On the surface of most indoor wheels, you will see grooves running along the circumference of the wheel.  These grooves help to grip to surfaces and you can get your wheels regrooved once they have worn out to make your wheels better than new.  It is much cheaper to get a set of wheels regrooved than purchase a whole new set.  

Choosing Your Wheels
What are the factors that go into choosing a set of wheels?  Well, your skating level is definitely a factor.  If you are just starting to skate and are having trouble staying upright, you probably want to start out with some fairly sticky and wide wheels.  Check out some Atom Poison wheels for great grip and stability.
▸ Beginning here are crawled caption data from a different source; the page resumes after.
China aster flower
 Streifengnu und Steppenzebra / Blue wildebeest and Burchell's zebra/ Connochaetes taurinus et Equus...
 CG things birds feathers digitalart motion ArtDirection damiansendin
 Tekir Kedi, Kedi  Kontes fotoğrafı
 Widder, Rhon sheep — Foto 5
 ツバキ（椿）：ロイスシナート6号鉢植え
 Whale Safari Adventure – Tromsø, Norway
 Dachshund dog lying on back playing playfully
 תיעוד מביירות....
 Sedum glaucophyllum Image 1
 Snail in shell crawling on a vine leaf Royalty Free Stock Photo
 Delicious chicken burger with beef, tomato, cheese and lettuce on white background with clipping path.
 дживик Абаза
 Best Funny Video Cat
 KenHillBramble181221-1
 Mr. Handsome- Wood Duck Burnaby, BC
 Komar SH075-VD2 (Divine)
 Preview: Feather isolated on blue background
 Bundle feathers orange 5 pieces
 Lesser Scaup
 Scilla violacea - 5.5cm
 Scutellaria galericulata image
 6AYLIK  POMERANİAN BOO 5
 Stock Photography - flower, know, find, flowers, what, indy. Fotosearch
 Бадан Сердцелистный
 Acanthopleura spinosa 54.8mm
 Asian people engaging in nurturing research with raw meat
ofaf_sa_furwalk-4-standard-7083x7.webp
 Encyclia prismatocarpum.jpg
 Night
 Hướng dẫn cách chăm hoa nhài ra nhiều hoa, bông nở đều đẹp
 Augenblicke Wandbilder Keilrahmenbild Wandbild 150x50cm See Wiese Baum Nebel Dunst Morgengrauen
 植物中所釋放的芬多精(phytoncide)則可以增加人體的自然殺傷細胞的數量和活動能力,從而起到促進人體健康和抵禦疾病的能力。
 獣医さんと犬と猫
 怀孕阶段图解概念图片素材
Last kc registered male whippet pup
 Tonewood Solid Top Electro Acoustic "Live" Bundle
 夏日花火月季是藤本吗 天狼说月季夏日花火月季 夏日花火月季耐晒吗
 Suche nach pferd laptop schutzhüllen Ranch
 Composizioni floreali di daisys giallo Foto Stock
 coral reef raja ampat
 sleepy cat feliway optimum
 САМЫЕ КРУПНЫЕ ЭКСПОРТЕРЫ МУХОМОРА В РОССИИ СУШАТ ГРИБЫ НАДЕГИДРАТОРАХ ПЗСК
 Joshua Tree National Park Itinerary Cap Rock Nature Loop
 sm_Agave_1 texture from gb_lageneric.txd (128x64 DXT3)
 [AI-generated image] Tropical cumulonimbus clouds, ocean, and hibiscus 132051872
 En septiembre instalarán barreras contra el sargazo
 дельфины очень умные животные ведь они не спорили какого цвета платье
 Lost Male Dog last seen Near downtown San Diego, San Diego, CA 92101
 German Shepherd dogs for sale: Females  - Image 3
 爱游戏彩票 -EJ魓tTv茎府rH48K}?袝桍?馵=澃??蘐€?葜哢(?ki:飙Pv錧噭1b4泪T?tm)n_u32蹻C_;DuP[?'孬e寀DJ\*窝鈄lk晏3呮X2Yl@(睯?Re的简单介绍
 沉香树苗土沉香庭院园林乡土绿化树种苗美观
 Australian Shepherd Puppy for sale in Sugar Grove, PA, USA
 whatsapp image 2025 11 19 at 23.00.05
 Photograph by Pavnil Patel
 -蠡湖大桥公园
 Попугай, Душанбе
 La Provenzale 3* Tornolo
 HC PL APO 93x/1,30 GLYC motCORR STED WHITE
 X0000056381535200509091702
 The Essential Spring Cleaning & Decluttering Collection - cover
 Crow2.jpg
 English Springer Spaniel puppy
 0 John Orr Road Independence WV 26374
At the point where you feel like you are skating through peanut butter?  Time to think of some harder or thinner wheels.  You may also want to switch to some harder and/or skinnier wheels if you experience shin splints, which can be caused from your muscles having to work too hardSure Grip Zombie wheels are also popular because they come in 3 sizes and 3 harnesses for a total of 9 different combinations to choose from. Coupled with their anodized aluminum hubs, they have quickly become a popular new wheel!
Slipping out all the time on turns?  You can get a grip with some softer wheels, but grippier wheels tend to be slower so you sacrifice speed for stability.  When you first start skating, slipping even a little can feel very disconcerting.  When you feel more comfortable on your skates you get used to crossing over more quickly on slicker surfaces and sliding makes practicing hockey stops and power slides much easier.

Another factor to consider is your weight.  Wheels that work great to keep a 100 lb skater on a fairly sticky track are going to make someone like me (a “big girl”) feel like I’m super glued to the track.  Don't feel like just because half the team has a wheel that works perfectly for them, that it should also work for you.  

Personal Preferences
Lastly, everyone has their own personal preference so when you are getting ready to purchase some new wheels, see if someone else already has some you can borrow first just to make sure they will work for you.  If that isn't an option, look for wheels that come in 4 packs so you can adjust your wheels by purchasing a 4 pack of grippier or harder wheels instead of another 8 pack, which can get pretty expensive.  I have a box of wheels that I bring to practice with me for other skaters to try out and have even sent them to clients to try out before purchasing their new wheels just to make sure they are getting the best wheels possible for them.  It really helps to make sure you are getting the best bang for your buck.

Cleaning Your Wheels
Cleaning wheels is super easy, just pop out your bearings (very important!), throw them in a tub with warm soapy water in it, then scrub with one of those green and yellow sponges. I normally use either dish washing liquid or laundry detergent for soap, which has worked for me really well. If the gunk on the wheels is really caked on you can let the wheels soak a bit in some fairly hot soapy water before scrubbing (almost too hot for your hands is usually perfect). Have a towel handy and after you have scrubbed all that dirt and grime off the wheel, take it and smack it against the towel a few times to get as much water out of the nooks as possible. This will allow a faster drying time. I don't worry about rinsing them after their bath, but it wouldn't hurt. Another way to dry them off is to use some canned air, or even better an air compressor if you happen to have one handy.

Well, I think that's a good place to stop for now.  Like I said, I want to have a nice overview of different pieces of gear before getting too far into the muck and the mire.  Next we will explore the awesomeness of those colorful little gummy looking things under your skate, connected to your king pin....your cushions!

Until then, skate safe and I'll see you on the track!